THE MAN WAS STANDING next to the statue of Gretel, his back to Alex, collar pulled up against the cold. A worker’s cloth cap and peacoat, slightly bent over, no longer young. Earlier there had been a woman with a dog but no one since, so it must be him. But how to do this? No password or coded signal, just turn up in the park. The fountain basins, drained for the winter, were covered with snow, the Grimm figures and the Baroque colonnade beyond like pieces of confectionary, but he couldn’t look at them forever. It must be him. Or just an old man out for a walk.

 

“Herr Meier?” the man said, barely turning.

 

“Yes.”

 

“You got the message. Good. Dieter,” he said, introducing himself. “We can talk here, there’s no one. You have a cigarette maybe?” A Berlin accent, brisk.

 

“What’s up?” Alex said, offering it.

 

“You, Herr Meier, what else?” He leaned in to light the cigarette. “You haven’t tried to contact anyone, I hope?”

 

“No.”

 

“Good. And if anyone tries to contact you, don’t respond.”

 

“Just you.”

 

“That’s right. Campbell’s orders. At BOB they think Willy was running you himself. Whoever ‘you’ are.”

 

“And the Russians?”

 

“If they knew, you wouldn’t be here. The two who saw you in Lützowplatz? No longer with us, alas. A rare distinction, Herr Meier. Unknown to the Russians, unknown to the Americans. How many in Berlin can say that?”

 

“If I’m so unknown why did they try to kill me?”

 

He shook his head. “Not kill you. Kidnap you. Maybe turn you. Trade you. Any possibility. But the point was to find out who you were. So they follow Willy and what happens? They still don’t know.”

 

“You’re sure?”

 

Dieter nodded. “A source there.”

 

“What about them? Do they have a source with us?”

 

Dieter sighed. “Well, they must. How would they know to follow Willy exactly then? So there’s a leak. He was right, it turns out.”

 

“Who?”

 

“Campbell. He wanted someone outside BOB. An independent contractor.”

 

“That’s you?”

 

Another nod. “So you talk only to me. Until he comes. That’s his message to you.”

 

“And what if it’s you, the leak?”

 

“Well, it might be. You decide. Do you enjoy such puzzles? Maybe you like to think the worst. Me, I like to hope for the best.” He turned to the statue, looking at it. “The witch wanted to bake her in the oven.

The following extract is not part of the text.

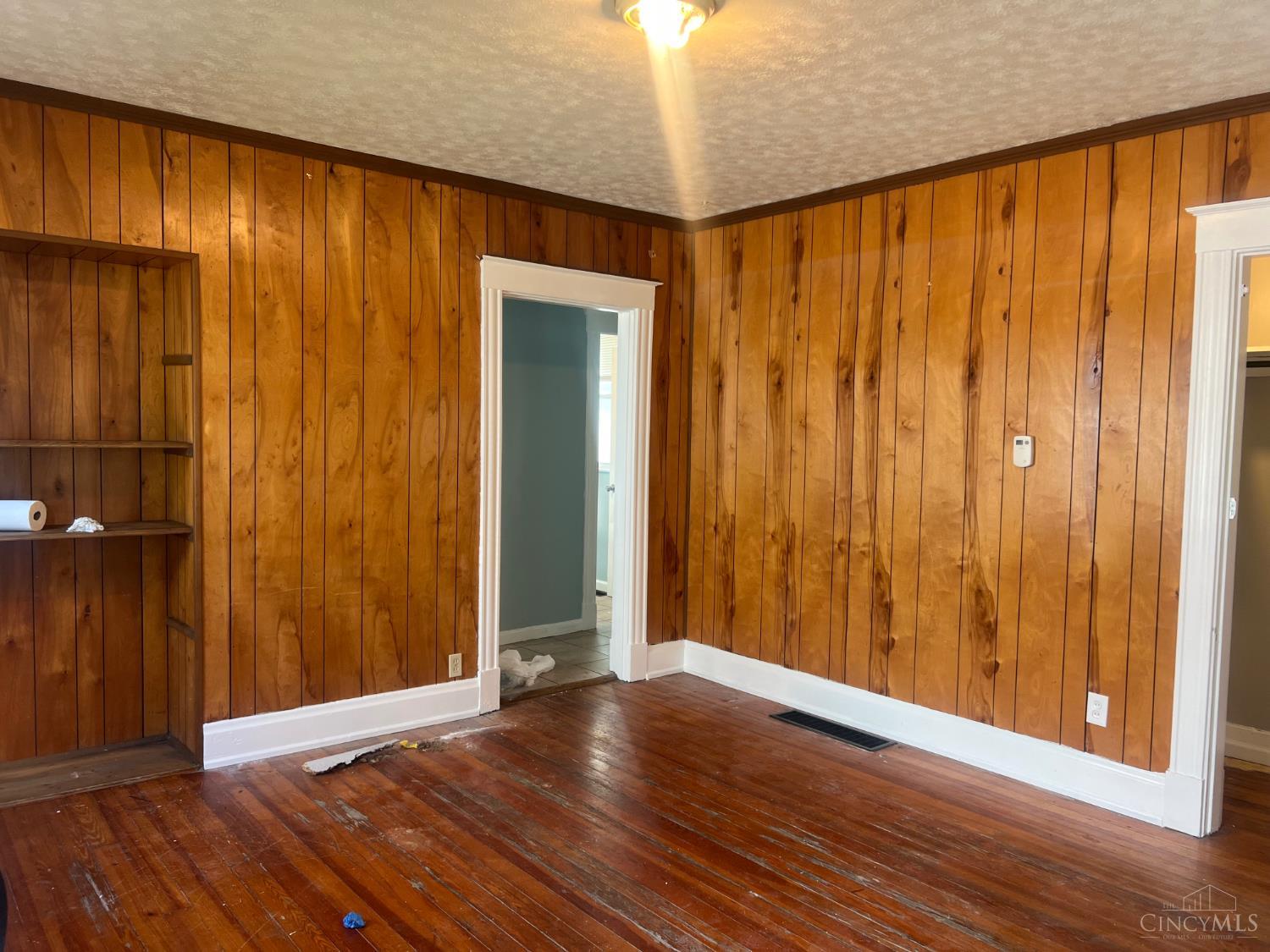 1274 Ross Avenue Property Photo 9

What kind of men do you think they were, the Grimms, to tell children such stories? How the world really is. So,” he said, shifting gears. “It’s clear? You don’t contact anyone. Just me—if you can trust me. Come here for a walk. I’ll find you. If there’s something wrong, Peter will—”

 

“Peter?”

 

“The boy at the hotel.”

 

“His name’s Peter?” Alex said, unexpectedly thrown by this. “How old is he anyway? I mean, a child, how did he get—”

 

“My nephew’s son. So it’s safe. He doesn’t know. He thinks I’m working in the black market. So he’s training for that. It’s exciting for him. It’s what he wants. That’s the choice now in Berlin. Be a criminal or a spy. So, a criminal. I don’t blame him. The money’s better.”

 

“They why don’t you do it?”

 

The man looked at him, then rubbed out the cigarette. “You want to know why I do this? If you can trust me? So. I work for the Americans because they’re not the Russians. That’s the politics of it, nothing else. I used to think things. A better world. Anyway, better than the Nazis. Then the Russians came. They raped my daughter. They made me watch. Then they beat her—she was fighting them. And she died. So that’s my politics now. Stop the Russians. You think it’s wrong to use Peter? He doesn’t do much—messages, little errands. Those last weeks of the war I saw boys younger than him hanging from trees—traitors because they ran away from the Volkssturm. And then the Russians came. There are no children in Berlin.” He motioned toward the statues. “So maybe they were right, the Grimms. Come, walk with me.”

 

They headed behind the colonnade into the park.

 

“Have they asked you to do things?”

 

“Like what?”

 

“The radio, for instance. A talk. Why you chose the East. How it’s the right path for Germany, a united Socialist Germany. Maybe a literary interview. Whatever they suggest, do it. The more valuable you are to them, the safer you are. Don’t worry,” he said, suddenly wry. “No one will hear. No one listens to their radio.” He paused. “You’re in the Party?”

 

“No.”

 

“Join. Make them feel sure about you.”

 

“Brecht didn’t.”

 

“Well, he’s Brecht.”

 

Alex looked at him, amused. “That’s what he thinks too.”

 

“He’s a friend? Do a radio with him. The Kulturbund party, it was a success? Comrade Markovsky was there, I hear.”

 

“Yes.”

 

“So you met? And how was that?”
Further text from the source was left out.